Что касается логической последовательности появления — в разуме г-на Прудона — налогов, торгового баланса и кредита, то мы заметим только, что английская буржуазия, установив при Вильгельме Оранском свой политический режим, сразу создала новую налоговую систему, государственный кредит и систему покровительственных пошлин, как только она получила возможность свободно развивать условия своего существования.
Этих кратких замечаний совершенно достаточно, чтобы дать читателю верное представление о глубокомысленных рассуждениях г-на Прудона по вопросам о полиции или налогах, о торговом балансе, кредите, коммунизме и народонаселении. Можно поручиться, что никакая, даже самая снисходительная, критика не станет серьезно заниматься главами, посвященными этим вопросам.
§ IV. ЗЕМЕЛЬНАЯ СОБСТВЕННОСТЬ ИЛИ ЗЕМЕЛЬНАЯ РЕНТА
В каждую историческую эпоху собственность развивалась различно и при совершенно различных общественных отношениях.
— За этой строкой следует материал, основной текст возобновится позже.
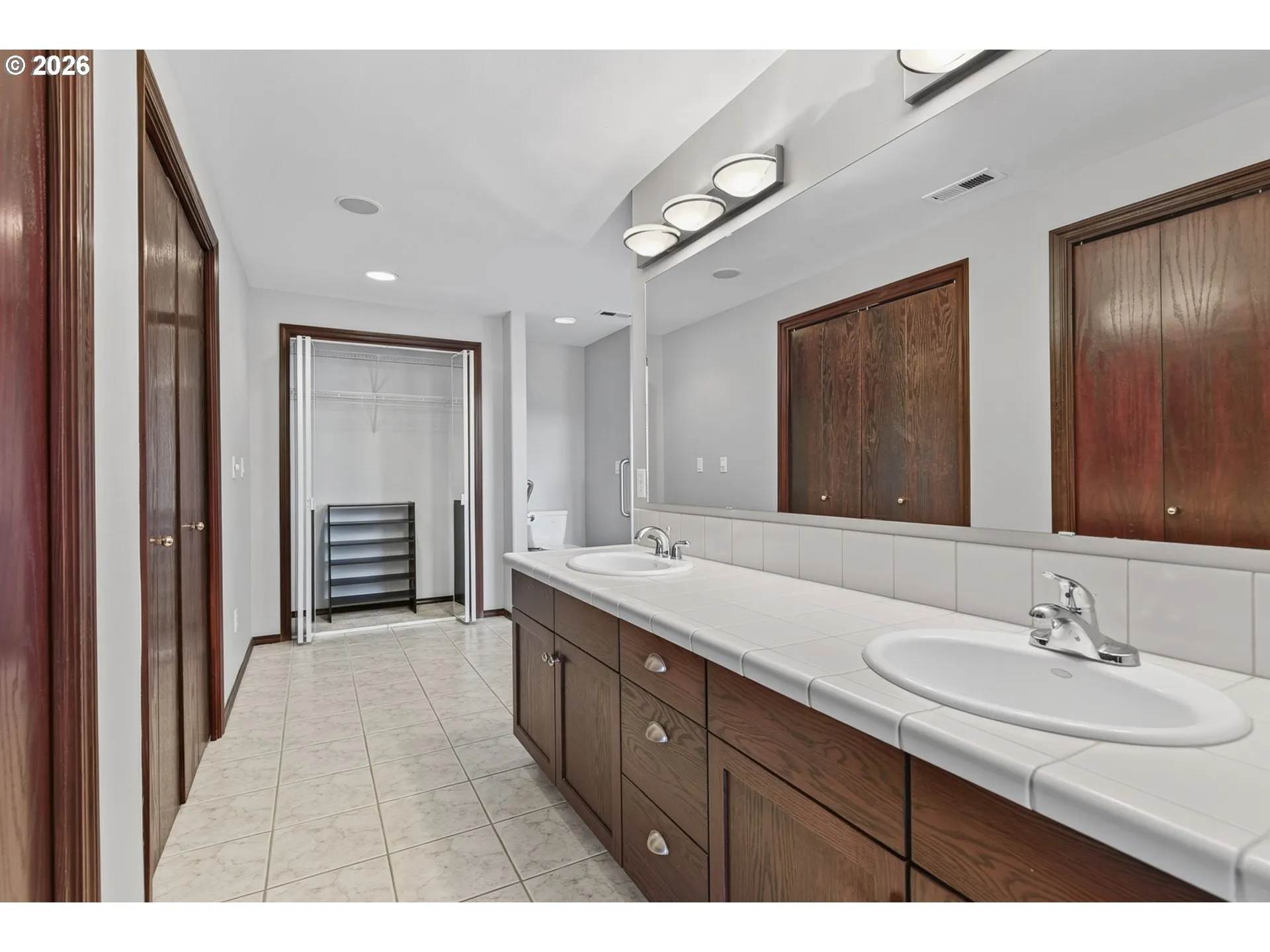 Bathroom-Double Sinks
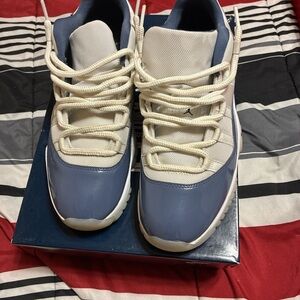 Jordan 11 Retro Low in Midnight Navy and White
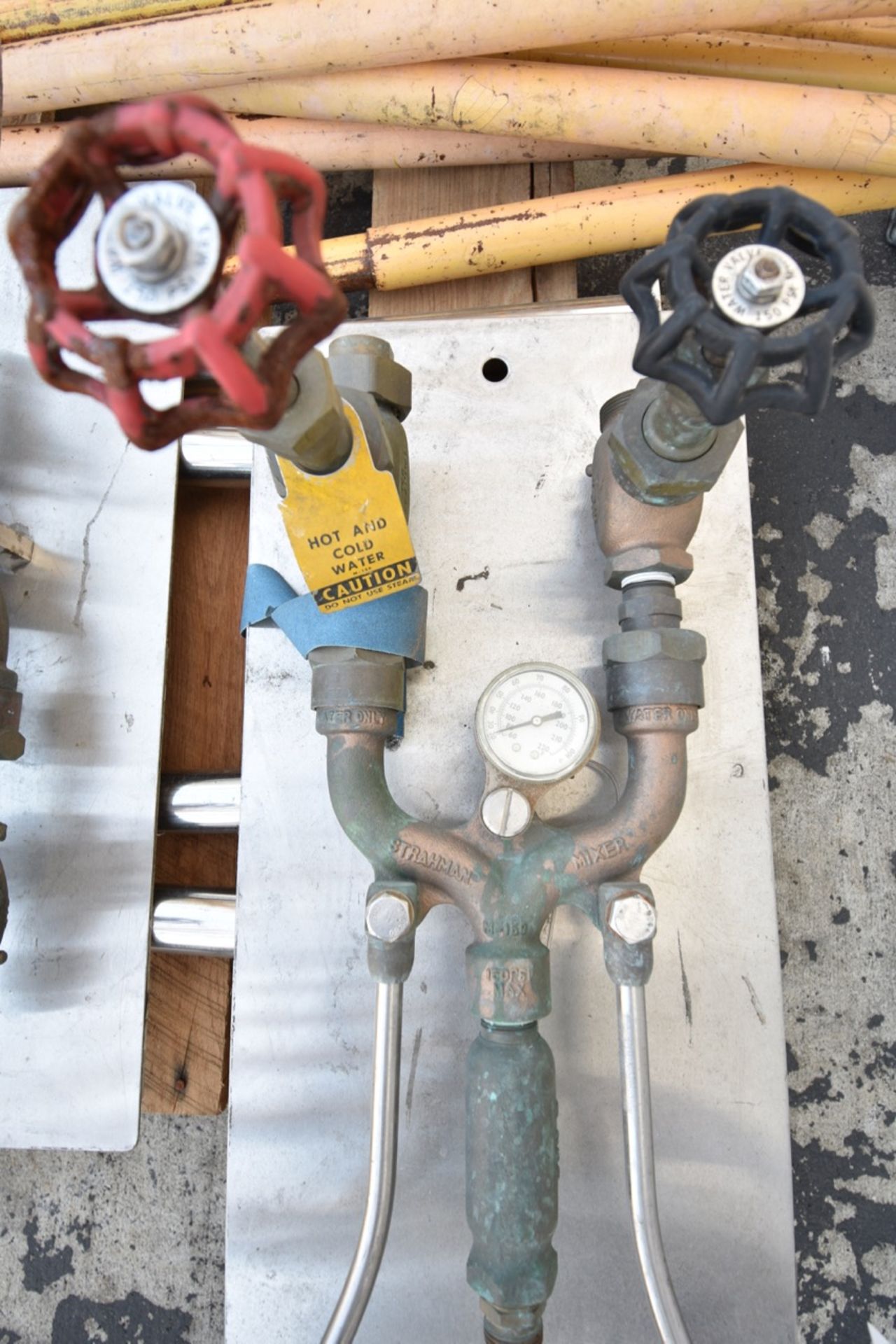 Strahman | Strahman valve system 150psi M-159 | MODEL# | SERIAL# | * Skidding and load out at market - Image 2 of 2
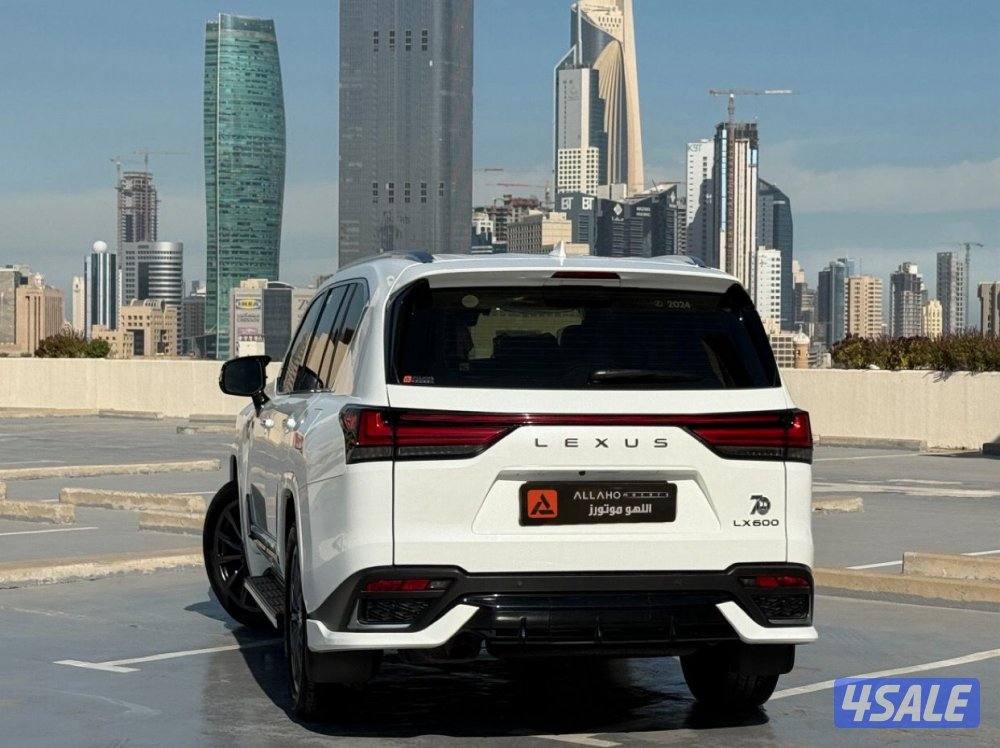 لكزسLX600 F SPORT موديل2024 عداد13الف تحت الكفاله+الصيانه2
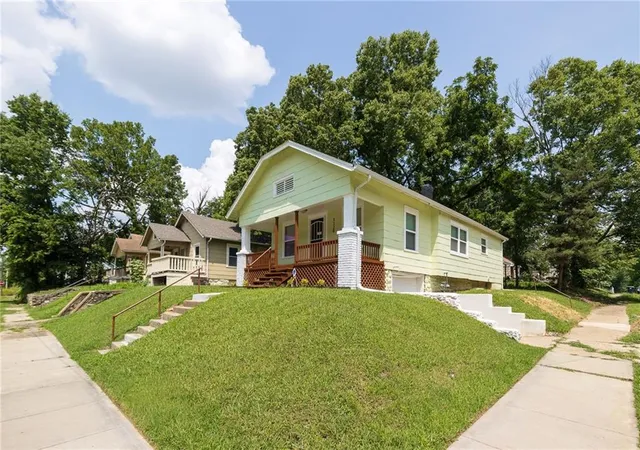 Photo 5 of Sale Pending at 3220 E 68th Street, Kansas City, MO 64132 | MLS# 2632709 | Listing updated on 2026-07-29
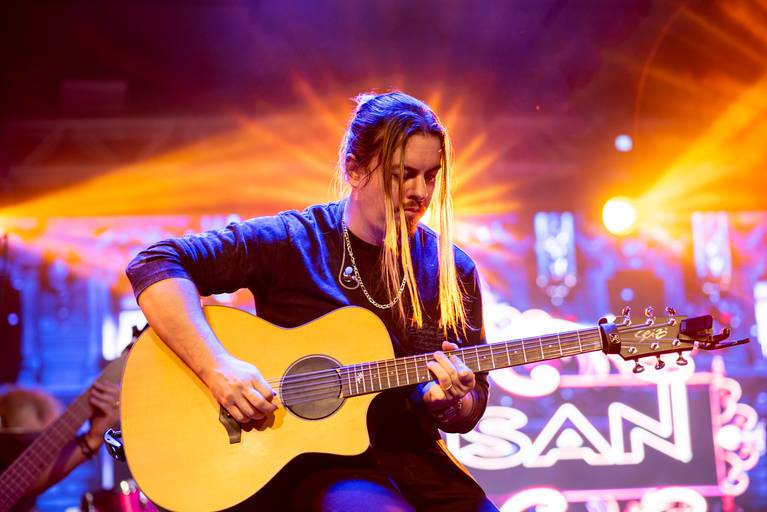 fotografo de shows espetaculos eventos cantor sandami e reinaldo meireles no projeto reisan em show no caiçara clube na cidade de jau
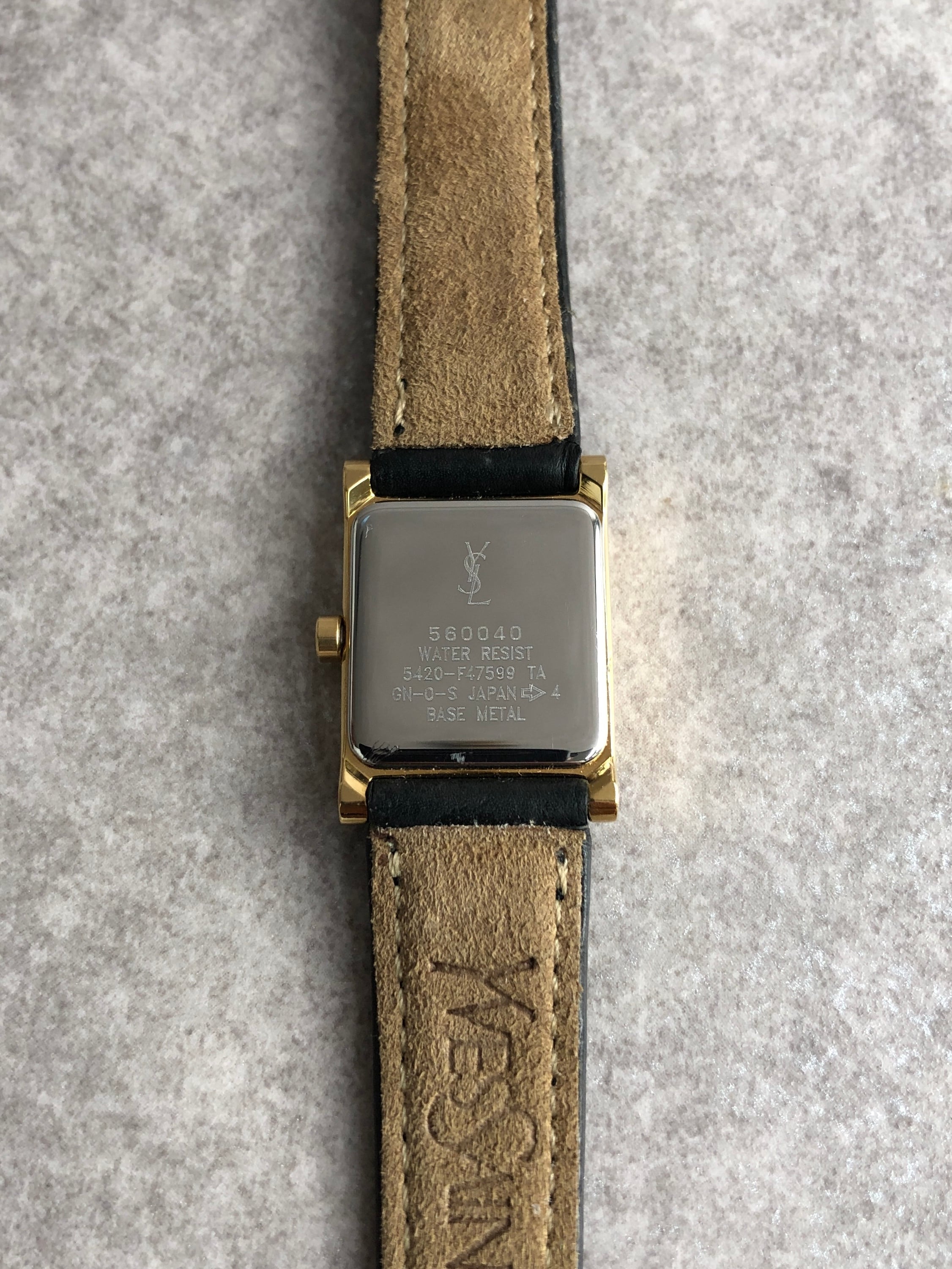 【美品】Yves Saint Laurent 腕時計 ゴールド スクエア 金 Yves Saint Laurent イヴ・サンローラン 腕時計 ゴールド スクエア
Поэтому определить буржуазную собственность — это значит не что иное, как дать описание всех общественных отношений буржуазного производства.
Стремиться дать определение собственности как независимого отношения, как особой категории, как абстрактной и вечной идеи значит впадать в метафизическую или юридическую иллюзию.
Хотя г-н Прудон и делает вид, будто говорит о собственности вообще, но он рассуждает лишь о земельной собственности, о земельной ренте.
«Происхождение ренты, так же как и собственности, лежит, так сказать, за пределами экономики: оно коренится в психологических и моральных соображениях, стоящих лишь в весьма отдаленной связи с производством богатств» (т. II, стр. 269).
Таким образом, г-н Прудон признает свою неспособность понять экономические причины возникновения ренты и собственности. Он сознается, что эта неспособность принуждает его прибегать к соображениям психологического и морального порядка, которые, находясь действительно в весьма отдаленной связи с производством богатств, тесно связаны, однако, с узостью его исторического кругозора. Г-н Прудон утверждает, что в происхождении собственности есть нечто мистическое и таинственное. Но приписывать происхождению собственности таинственность, т. е. превращать в тайну отношение самого производства к распределению орудий производства, — не значит ли это, говоря языком г-на Прудона, отказываться от всяких притязаний на экономическую науку?
Г-н Прудон
«ограничивается напоминанием, что в седьмую эпоху экономической эволюции» — в эпоху кредита, — «когда действительность была вытеснена фикцией и человеческой деятельности грозила опасность потеряться в пустоте, явилась необходимость крепче привязать человека к природе, и рента была ценой этого нового договора» (т. II, стр. 265).
Человек с сорока экю предчувствовал, очевидно, появление чего-то вроде г-на Прудона: «Воля ваша, господин создатель: каждый — хозяин в своем мире, но вы никогда не уверите меня, чтобы мир, в котором мы живем, был из стекла» [70] . В вашем мире, где кредит был средством потеряться в пустоте, быть может, и явилась необходимость в земельной собственности, чтобы привязать человека к природе. Но в мире действительного производства, где земельная собственность всегда предшествует кредиту, horror vacui {39} г-на Прудона не мог бы иметь места.
70
Вольтер. «Человек с сорока экю» («L'homme aux quarante ecus»), — 168.